What to produce:
Transcribe the records below exactly as they appear.

++++ Records for this exercise ++++

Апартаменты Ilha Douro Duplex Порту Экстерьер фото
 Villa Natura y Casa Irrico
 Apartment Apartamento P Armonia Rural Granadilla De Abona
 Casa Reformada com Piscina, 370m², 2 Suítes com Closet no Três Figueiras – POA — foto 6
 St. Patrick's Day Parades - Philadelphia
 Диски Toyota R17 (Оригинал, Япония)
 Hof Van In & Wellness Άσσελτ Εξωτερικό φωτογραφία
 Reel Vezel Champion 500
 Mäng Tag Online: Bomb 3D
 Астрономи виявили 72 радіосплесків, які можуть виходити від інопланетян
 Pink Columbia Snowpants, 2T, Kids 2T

++++

Solution for this problem:
Апартаменты Ilha Douro Duplex Порту Экстерьер фото
 Villa Natura y Casa Irrico
 Apartment Apartamento P Armonia Rural Granadilla De Abona
 Casa Reformada com Piscina, 370m², 2 Suítes com Closet no Três Figueiras – POA — foto 6
 St. Patrick's Day Parades - Philadelphia
 Диски Toyota R17 (Оригинал, Япония)
 Hof Van In & Wellness Άσσελτ Εξωτερικό φωτογραφία
 Reel Vezel Champion 500
 Mäng Tag Online: Bomb 3D
 Астрономи виявили 72 радіосплесків, які можуть виходити від інопланетян
 Pink Columbia Snowpants, 2T, Kids 2T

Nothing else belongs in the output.